Start of Material provided

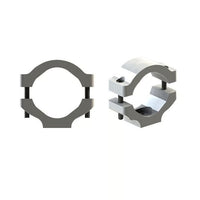 Cerwin Vega TCLRGWHT 2.25" to 3" Large Mounting Clamps for RPM Series Marine Wake Tower Speakers (White)
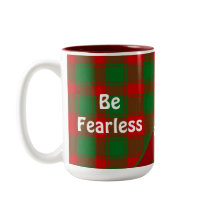 Inspiration de la Bible chrétienne Tartan écossais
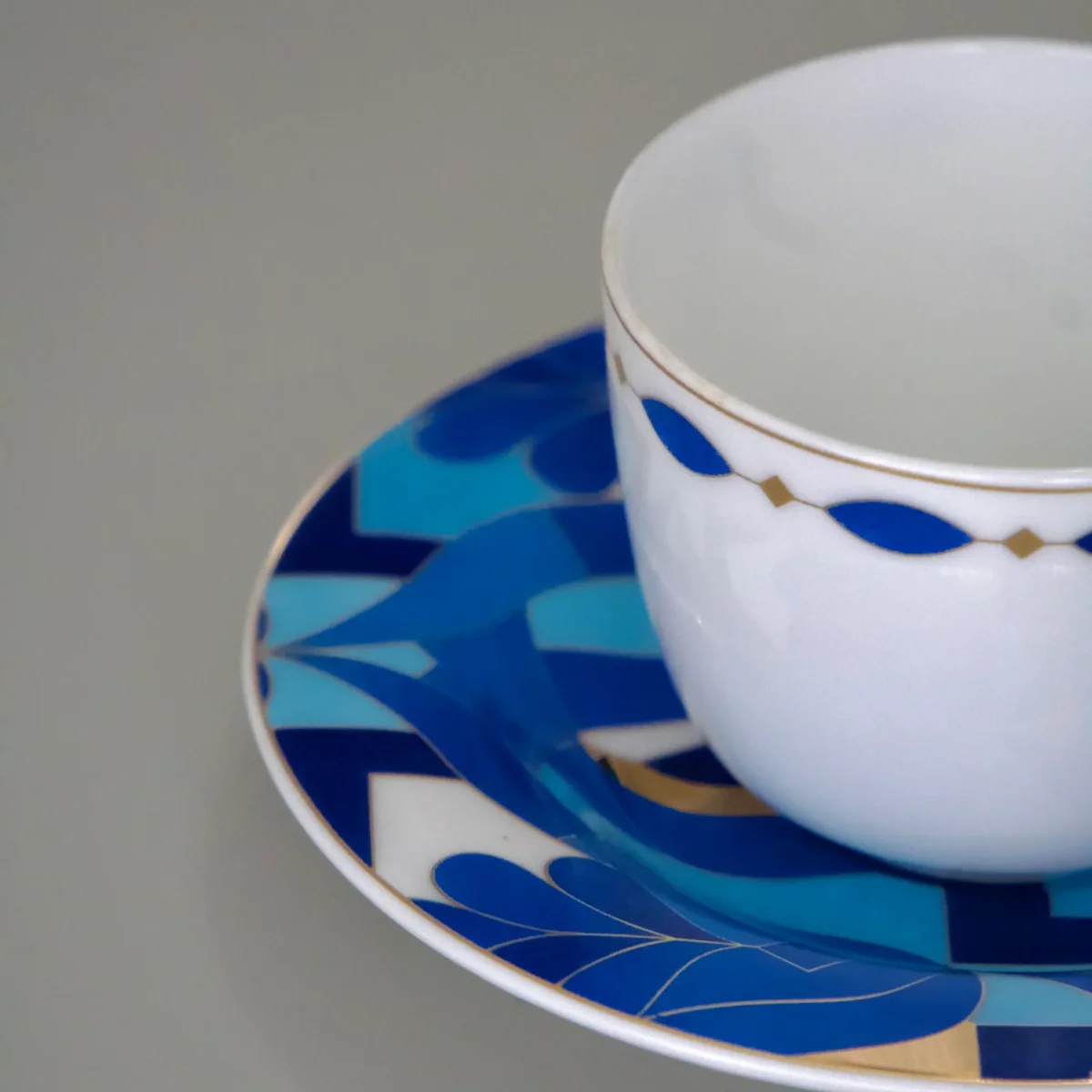 KARACA FINE PEARL SERVICE A CAFE AZUR 12 PIECES 6PERSONNES – Image 4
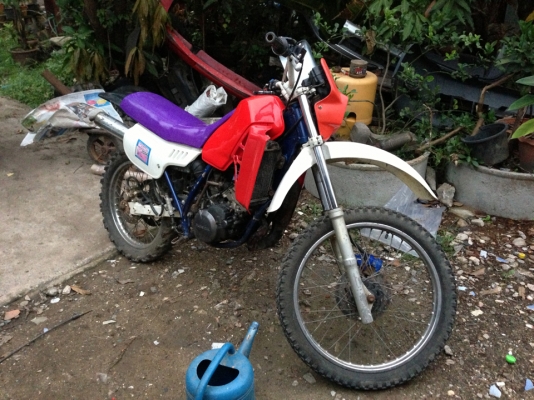 ขาย วิบาก MTX ทะเบียนแท้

End of Material provided

▸ **Activity**:
Return the material line for line, from its beginning to the line that contains "KARACA FINE PEARL", with the pictures left out.

▸ **Exercise output**:
 Cerwin Vega TCLRGWHT 2.25" to 3" Large Mounting Clamps for RPM Series Marine Wake Tower Speakers (White)
 Inspiration de la Bible chrétienne Tartan écossais
 KARACA FINE PEARL SERVICE A CAFE AZUR 12 PIECES 6PERSONNES – Image 4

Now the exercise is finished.